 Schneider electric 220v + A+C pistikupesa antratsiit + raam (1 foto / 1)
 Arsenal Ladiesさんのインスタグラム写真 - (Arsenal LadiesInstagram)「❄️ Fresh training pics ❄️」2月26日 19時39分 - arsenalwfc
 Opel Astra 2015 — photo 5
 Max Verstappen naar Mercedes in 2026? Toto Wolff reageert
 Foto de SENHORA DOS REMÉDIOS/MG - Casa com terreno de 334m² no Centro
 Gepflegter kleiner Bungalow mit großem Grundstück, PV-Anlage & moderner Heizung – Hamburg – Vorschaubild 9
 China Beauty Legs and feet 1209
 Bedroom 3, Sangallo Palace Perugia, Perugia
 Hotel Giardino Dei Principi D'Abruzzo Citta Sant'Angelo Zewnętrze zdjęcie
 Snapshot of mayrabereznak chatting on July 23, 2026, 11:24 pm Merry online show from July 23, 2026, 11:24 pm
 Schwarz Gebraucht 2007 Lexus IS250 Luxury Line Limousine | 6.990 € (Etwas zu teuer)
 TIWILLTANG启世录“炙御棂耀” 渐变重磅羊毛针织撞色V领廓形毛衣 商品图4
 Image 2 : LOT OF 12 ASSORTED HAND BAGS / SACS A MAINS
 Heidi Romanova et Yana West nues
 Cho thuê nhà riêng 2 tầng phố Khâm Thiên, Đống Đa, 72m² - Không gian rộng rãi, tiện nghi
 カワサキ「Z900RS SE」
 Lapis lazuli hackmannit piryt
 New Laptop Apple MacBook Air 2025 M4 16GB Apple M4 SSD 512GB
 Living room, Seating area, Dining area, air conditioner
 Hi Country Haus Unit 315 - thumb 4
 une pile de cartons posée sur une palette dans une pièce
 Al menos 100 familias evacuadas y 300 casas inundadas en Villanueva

· · · · · · ·

#### [What you need to do]
Your task is to reproduce all the data exactly as shown.

#### [Written solution]
 Schneider electric 220v + A+C pistikupesa antratsiit + raam (1 foto / 1)
 Arsenal Ladiesさんのインスタグラム写真 - (Arsenal LadiesInstagram)「❄️ Fresh training pics ❄️」2月26日 19時39分 - arsenalwfc
 Opel Astra 2015 — photo 5
 Max Verstappen naar Mercedes in 2026? Toto Wolff reageert
 Foto de SENHORA DOS REMÉDIOS/MG - Casa com terreno de 334m² no Centro
 Gepflegter kleiner Bungalow mit großem Grundstück, PV-Anlage & moderner Heizung – Hamburg – Vorschaubild 9
 China Beauty Legs and feet 1209
 Bedroom 3, Sangallo Palace Perugia, Perugia
 Hotel Giardino Dei Principi D'Abruzzo Citta Sant'Angelo Zewnętrze zdjęcie
 Snapshot of mayrabereznak chatting on July 23, 2026, 11:24 pm Merry online show from July 23, 2026, 11:24 pm
 Schwarz Gebraucht 2007 Lexus IS250 Luxury Line Limousine | 6.990 € (Etwas zu teuer)
 TIWILLTANG启世录“炙御棂耀” 渐变重磅羊毛针织撞色V领廓形毛衣 商品图4
 Image 2 : LOT OF 12 ASSORTED HAND BAGS / SACS A MAINS
 Heidi Romanova et Yana West nues
 Cho thuê nhà riêng 2 tầng phố Khâm Thiên, Đống Đa, 72m² - Không gian rộng rãi, tiện nghi
 カワサキ「Z900RS SE」
 Lapis lazuli hackmannit piryt
 New Laptop Apple MacBook Air 2025 M4 16GB Apple M4 SSD 512GB
 Living room, Seating area, Dining area, air conditioner
 Hi Country Haus Unit 315 - thumb 4
 une pile de cartons posée sur une palette dans une pièce
 Al menos 100 familias evacuadas y 300 casas inundadas en Villanueva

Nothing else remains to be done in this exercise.